Ainsi, tous les administrés ont un égal accès au monument public dès lors, est illégal le refus opposé à l’architecte de visiter le clocher de la Cathédrale de Chartes
CE 18.111.1949 Carlier
De même les autorisations de défiler dans les rues ne peuvent être délivrées à certaines associations et refusées à d’autres.
CE 3.8.1927 State olympique Chaboné
Toutefois des discriminations peuvent être institués entre les usages dès lors qu’elles correspondent à des situations de fait différentes.
CE 30.6.2004 Département de la Vendée
2) Les exceptions
De nombreuses exceptions au principe sont prévues par les textes.
Les exceptions sont légales dès lors qu’elles visent les usagers dont la situation n’est pas identique ou lorsqu’un intérêt général le justifie.
a) Les couloirs de circulation sur les voies publiques
La loi 18.6.1966 autorise le Maire a réserver des emplacement sur la voie des agglomérations pour faciliter la circulation et le stationnement des transports publics des voyageurs et taxi.
Le CE admet également la légalité des couloirs de circulation institués par l’autorité de police sur certaines voies publiques au profit des autobus et taxis, des véhicules de servie de police et des services d’urgence (eaux électricité, gaz)

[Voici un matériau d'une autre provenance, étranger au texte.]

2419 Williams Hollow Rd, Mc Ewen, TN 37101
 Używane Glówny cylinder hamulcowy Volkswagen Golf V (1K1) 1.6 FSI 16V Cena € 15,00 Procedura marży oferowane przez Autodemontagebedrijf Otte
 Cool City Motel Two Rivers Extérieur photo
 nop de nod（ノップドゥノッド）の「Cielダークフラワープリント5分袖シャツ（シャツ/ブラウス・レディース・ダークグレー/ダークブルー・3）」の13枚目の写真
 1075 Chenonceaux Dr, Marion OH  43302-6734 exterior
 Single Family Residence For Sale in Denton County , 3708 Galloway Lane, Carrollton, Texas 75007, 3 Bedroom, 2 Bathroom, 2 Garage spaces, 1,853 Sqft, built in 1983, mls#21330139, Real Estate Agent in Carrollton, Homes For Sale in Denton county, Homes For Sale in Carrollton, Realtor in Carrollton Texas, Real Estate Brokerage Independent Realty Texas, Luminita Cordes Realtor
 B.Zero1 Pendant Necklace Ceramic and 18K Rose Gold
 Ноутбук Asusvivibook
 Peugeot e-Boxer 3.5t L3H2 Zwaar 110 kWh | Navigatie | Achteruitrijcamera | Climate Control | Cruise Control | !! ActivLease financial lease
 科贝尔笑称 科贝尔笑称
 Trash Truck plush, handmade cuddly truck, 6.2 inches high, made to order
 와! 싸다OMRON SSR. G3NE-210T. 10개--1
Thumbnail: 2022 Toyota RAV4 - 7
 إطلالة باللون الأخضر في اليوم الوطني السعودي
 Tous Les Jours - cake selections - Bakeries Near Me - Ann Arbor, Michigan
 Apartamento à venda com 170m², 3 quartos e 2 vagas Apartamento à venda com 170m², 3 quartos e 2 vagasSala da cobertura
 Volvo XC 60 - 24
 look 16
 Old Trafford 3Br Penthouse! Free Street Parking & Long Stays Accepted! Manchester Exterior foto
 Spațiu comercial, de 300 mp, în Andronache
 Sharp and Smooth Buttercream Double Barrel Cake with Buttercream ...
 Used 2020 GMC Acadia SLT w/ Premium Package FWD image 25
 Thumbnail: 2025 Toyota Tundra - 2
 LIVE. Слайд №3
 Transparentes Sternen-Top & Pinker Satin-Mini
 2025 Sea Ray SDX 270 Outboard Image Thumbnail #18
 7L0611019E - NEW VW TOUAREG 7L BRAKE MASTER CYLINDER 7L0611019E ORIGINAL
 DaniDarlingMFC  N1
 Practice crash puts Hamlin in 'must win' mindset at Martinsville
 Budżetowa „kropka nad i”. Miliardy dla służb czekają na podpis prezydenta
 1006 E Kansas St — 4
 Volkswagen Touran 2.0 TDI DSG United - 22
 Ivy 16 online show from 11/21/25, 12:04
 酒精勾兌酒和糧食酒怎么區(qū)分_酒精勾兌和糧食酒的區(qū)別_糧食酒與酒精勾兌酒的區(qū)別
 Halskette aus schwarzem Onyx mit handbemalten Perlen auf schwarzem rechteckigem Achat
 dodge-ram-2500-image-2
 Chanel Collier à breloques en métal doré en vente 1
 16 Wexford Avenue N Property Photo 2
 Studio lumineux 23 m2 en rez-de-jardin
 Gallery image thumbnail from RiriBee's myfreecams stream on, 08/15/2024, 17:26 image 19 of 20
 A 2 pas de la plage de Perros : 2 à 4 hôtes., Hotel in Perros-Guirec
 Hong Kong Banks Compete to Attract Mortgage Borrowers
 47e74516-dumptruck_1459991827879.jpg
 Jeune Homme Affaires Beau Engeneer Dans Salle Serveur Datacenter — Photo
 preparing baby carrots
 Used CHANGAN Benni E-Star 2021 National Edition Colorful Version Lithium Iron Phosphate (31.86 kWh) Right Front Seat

CE 11.3.1968 Syndicat national des automobiles
Le CE a également admis dans le cadre de la lutte contre la pollution atmosphérique la légalité de la mise en place de mesure de circulation alternée en fonction de l’emplacement minéralogique du véhicule de service qui constitue également une catégorie particulière.
CE 28.2.2002 petit clairier et union des enseignants de conduite.
Le stationnement pour les véhicules de service de police
b) Le privilège de stationnement
La loi du 18.6.1966, prévoit que le Maire peut par arrêté motivé instituer par arrêté permanent ou provisoire de stationnement réservé sur les voies publiques de l’agglomération pour véhicule affecté à la circulation et pour les besoins exclusifs de ces services les conseillers municipaux les fonctionnaires ne sont pas SP mais utilise leur véhicule pour les besoins du service celui-ci ne peut être assimilé ç un SP et bénéficié d’un emplacement réservé.
C. Cass. Crim. 26.4.1990 Pierre Brouet
Ce privilège a été étendu aux véhicules des invalides portant le macaron GIG et GIC en dehors des dérogations textuelles les stationnements réservés sont illégaux sauf si l situation du particulier peut le justifier au nom de l’intérêt général.
Ainsi, le CE considère légal l’arrêté municipal réservant aux voitures amenant au mariage tous les samedis matin une partie du parc de stationnement à proximité de l’hôtel de ville.
CE 26.2.1969 Chabrot
c) les discriminations tarifaires applicables aux usagers des ouvrages de voierie
En vertu de lÂ’Art. L 153 du CDR lÂ’acte administratif instituant des
redevances sur un ouvrage d’art reliant les voies départementales communales peut prévoir des tarifs différents selon les divers catégories d’usager pour tenir compte soit d’une nécessité d’intérêt général soit de la situation particulière de certains usagers et notamment de ceux qui ont leur lien de travail au domicile dans le département concerné.
CE 10.5.1974 Denoyer et chorques
S’agissant de stationnement des gens en bordure de voie publique, le CE a considéré qu’il existe entre résident et non résident une différence de situation de nature à justifier des discriminations. Toutefois dans le cadre d’un abondant
CE 28.2.1996 Association Levisinet
Pour les parcs de stationnement hors voierie les discriminations tarifaires entre résident et non résident sont illégales.